> [Material supplied]
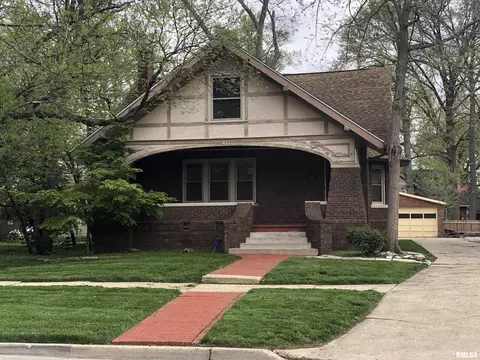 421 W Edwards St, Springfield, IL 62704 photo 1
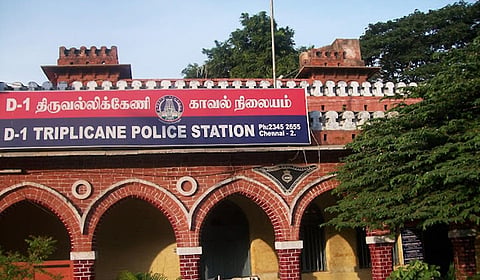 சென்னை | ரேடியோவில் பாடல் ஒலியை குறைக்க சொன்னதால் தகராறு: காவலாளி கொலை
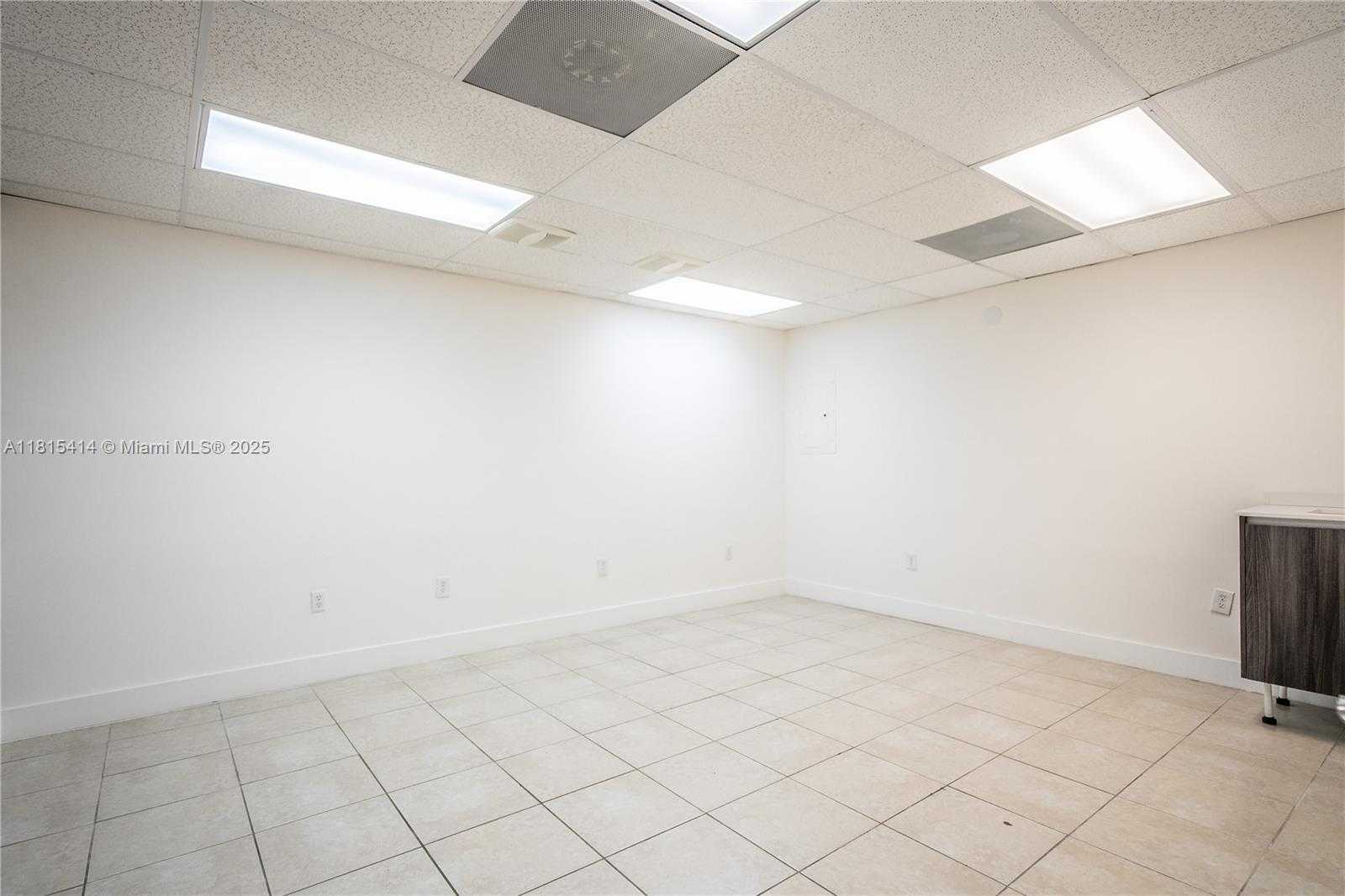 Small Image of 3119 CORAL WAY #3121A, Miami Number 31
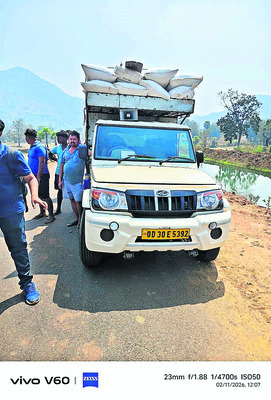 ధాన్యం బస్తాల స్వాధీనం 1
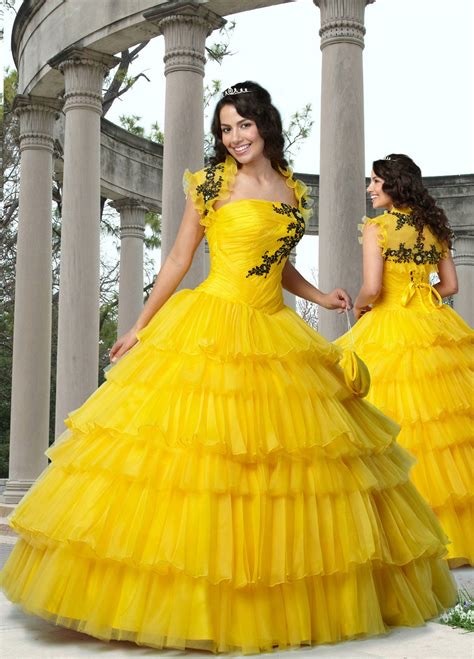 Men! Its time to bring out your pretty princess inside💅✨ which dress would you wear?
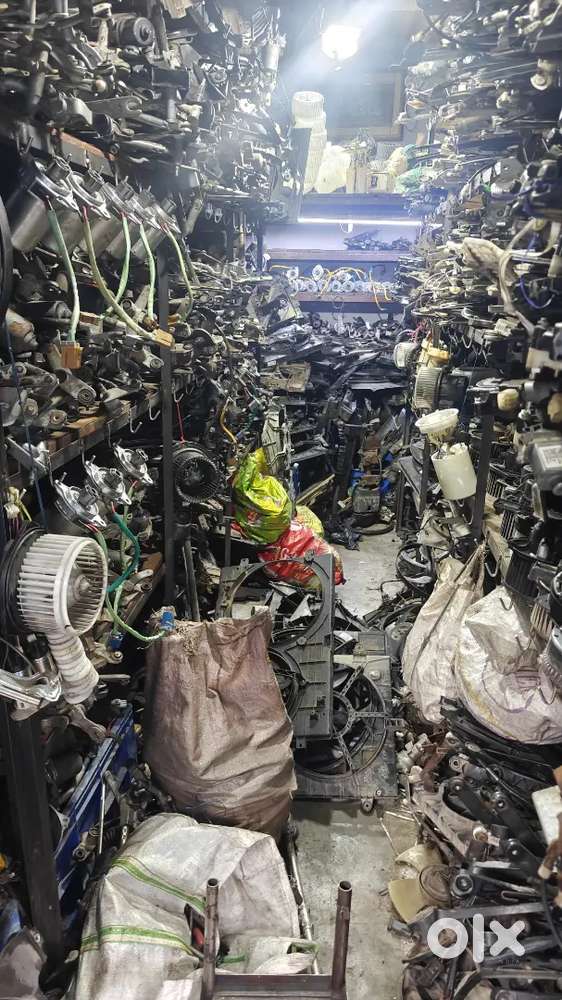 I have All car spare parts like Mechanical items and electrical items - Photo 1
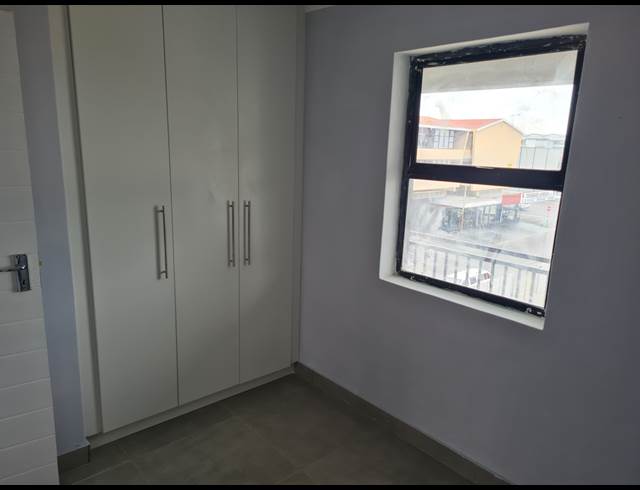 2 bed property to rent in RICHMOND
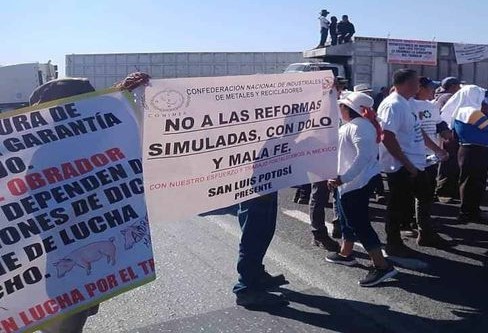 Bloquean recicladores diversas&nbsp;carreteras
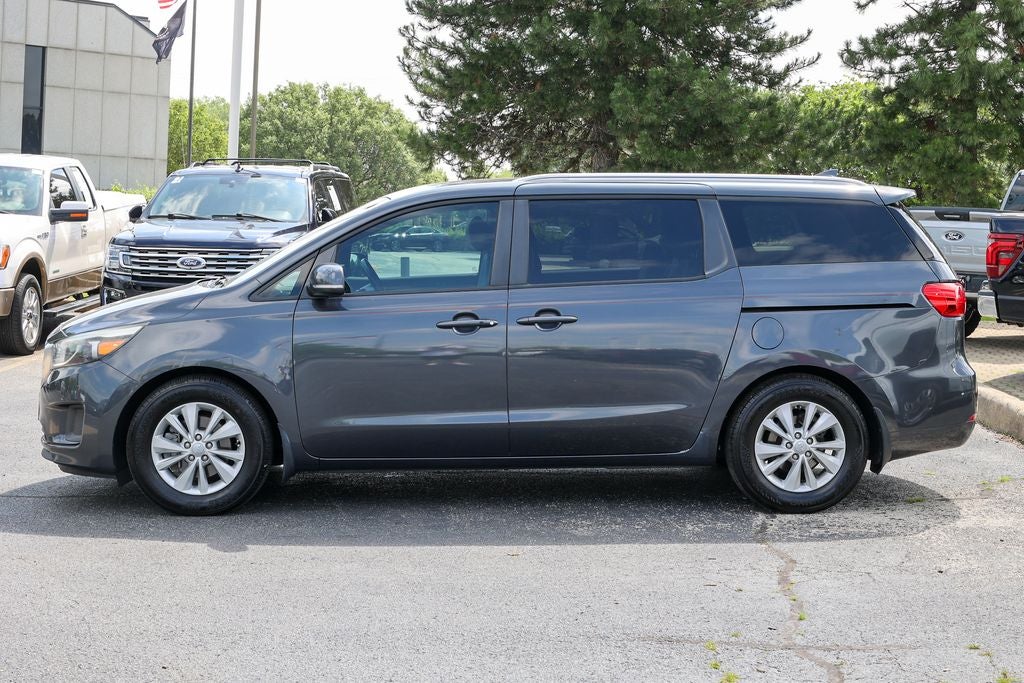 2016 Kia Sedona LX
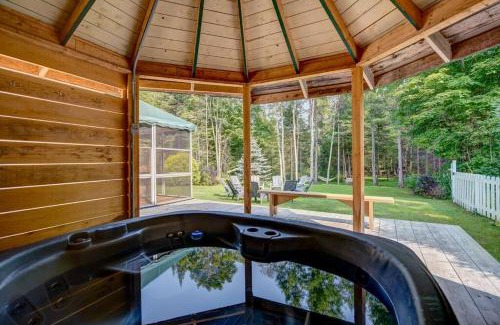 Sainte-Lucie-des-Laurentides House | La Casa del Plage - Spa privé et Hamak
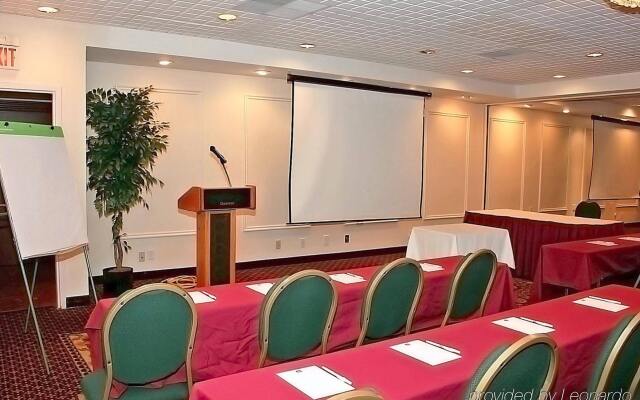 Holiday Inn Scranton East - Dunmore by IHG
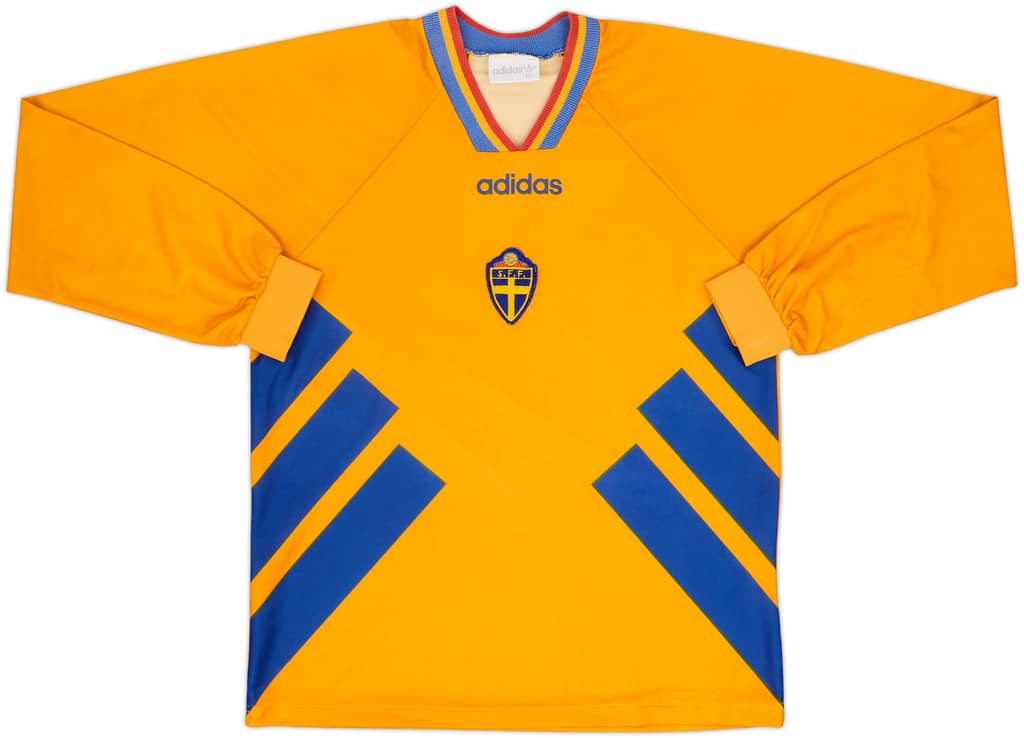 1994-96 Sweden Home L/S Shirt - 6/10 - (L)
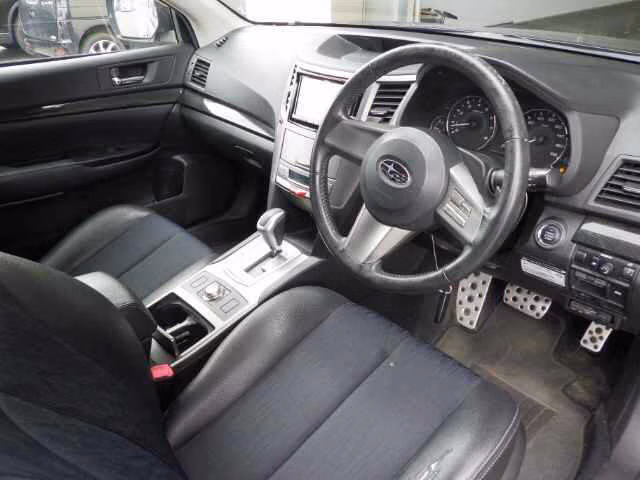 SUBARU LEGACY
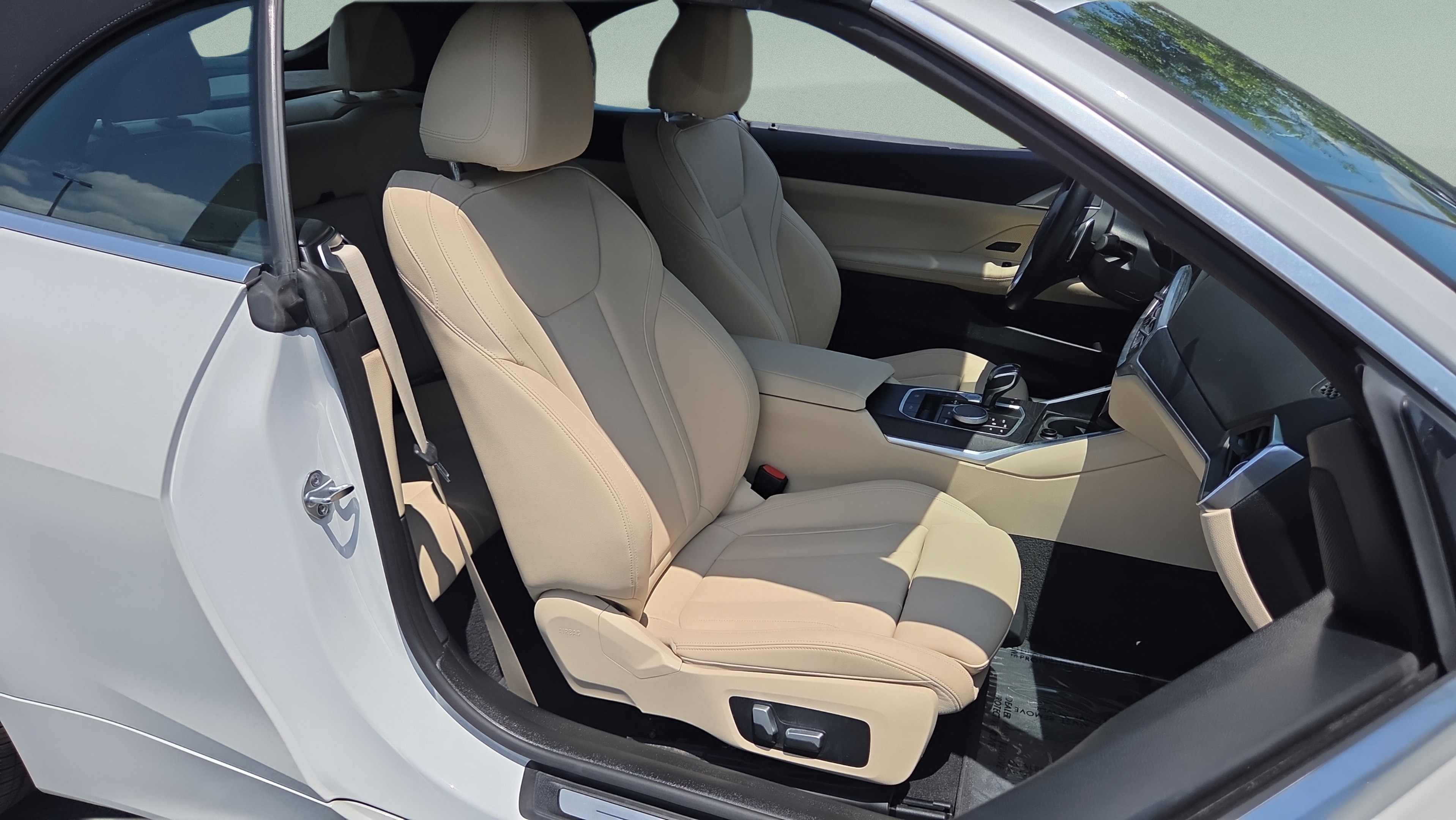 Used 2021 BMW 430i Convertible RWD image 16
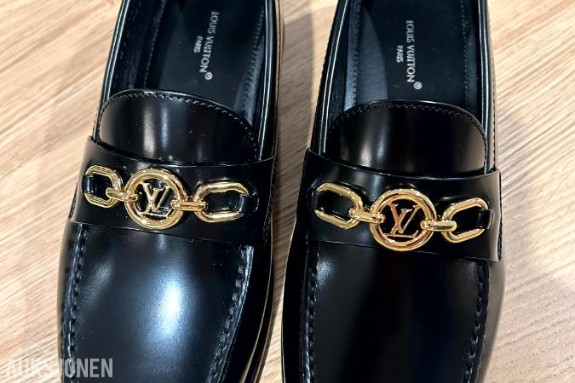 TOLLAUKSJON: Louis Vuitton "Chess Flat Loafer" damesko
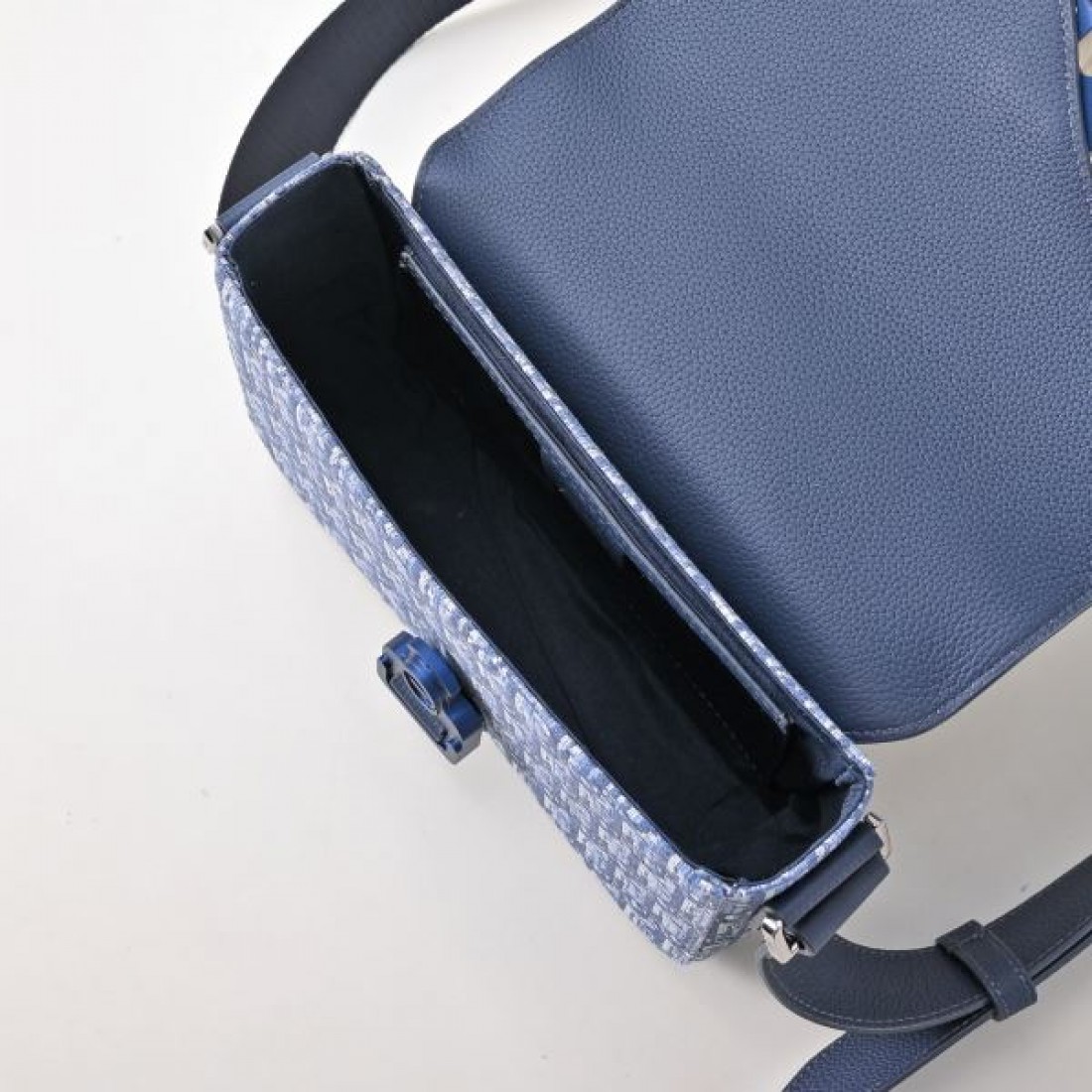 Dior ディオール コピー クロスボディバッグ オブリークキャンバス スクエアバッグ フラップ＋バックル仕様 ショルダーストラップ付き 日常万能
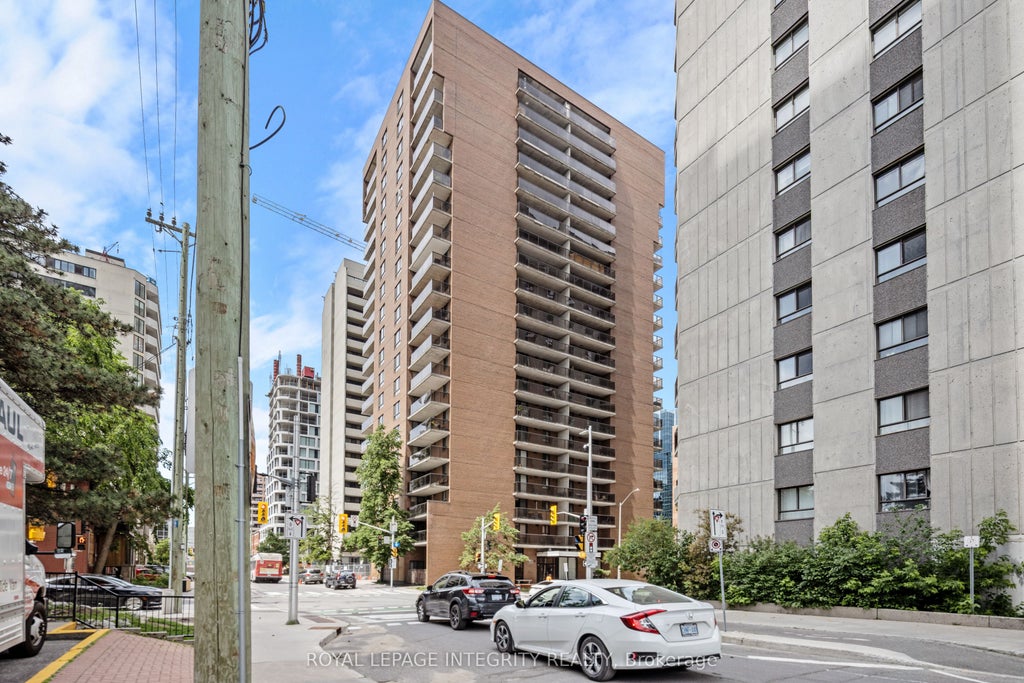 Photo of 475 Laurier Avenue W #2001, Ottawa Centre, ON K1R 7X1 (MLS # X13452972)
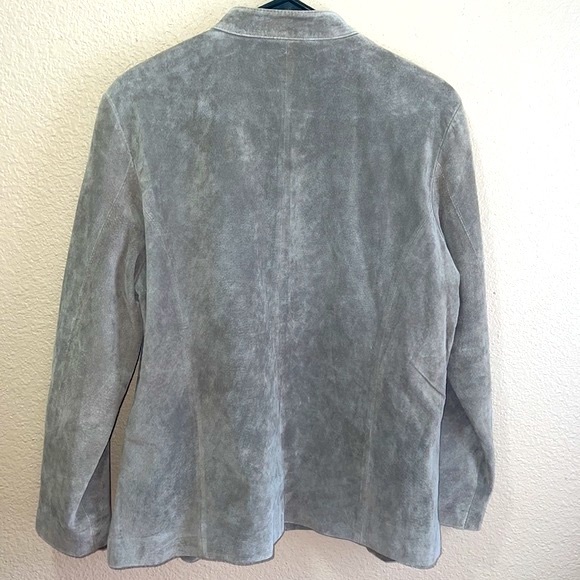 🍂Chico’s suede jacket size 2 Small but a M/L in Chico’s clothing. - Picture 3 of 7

> [The problem] Set down all of the data word for word; no pictures belong in it.

> [Answer section]
 421 W Edwards St, Springfield, IL 62704 photo 1
 சென்னை | ரேடியோவில் பாடல் ஒலியை குறைக்க சொன்னதால் தகராறு: காவலாளி கொலை
 Small Image of 3119 CORAL WAY #3121A, Miami Number 31
 ధాన్యం బస్తాల స్వాధీనం 1
 Men! Its time to bring out your pretty princess inside💅✨ which dress would you wear?
 I have All car spare parts like Mechanical items and electrical items - Photo 1
 2 bed property to rent in RICHMOND
 Bloquean recicladores diversas&nbsp;carreteras
 2016 Kia Sedona LX
 Sainte-Lucie-des-Laurentides House | La Casa del Plage - Spa privé et Hamak
 Holiday Inn Scranton East - Dunmore by IHG
 1994-96 Sweden Home L/S Shirt - 6/10 - (L)
 SUBARU LEGACY
 Used 2021 BMW 430i Convertible RWD image 16
 TOLLAUKSJON: Louis Vuitton "Chess Flat Loafer" damesko
 Dior ディオール コピー クロスボディバッグ オブリークキャンバス スクエアバッグ フラップ＋バックル仕様 ショルダーストラップ付き 日常万能
 Photo of 475 Laurier Avenue W #2001, Ottawa Centre, ON K1R 7X1 (MLS # X13452972)
 🍂Chico’s suede jacket size 2 Small but a M/L in Chico’s clothing. - Picture 3 of 7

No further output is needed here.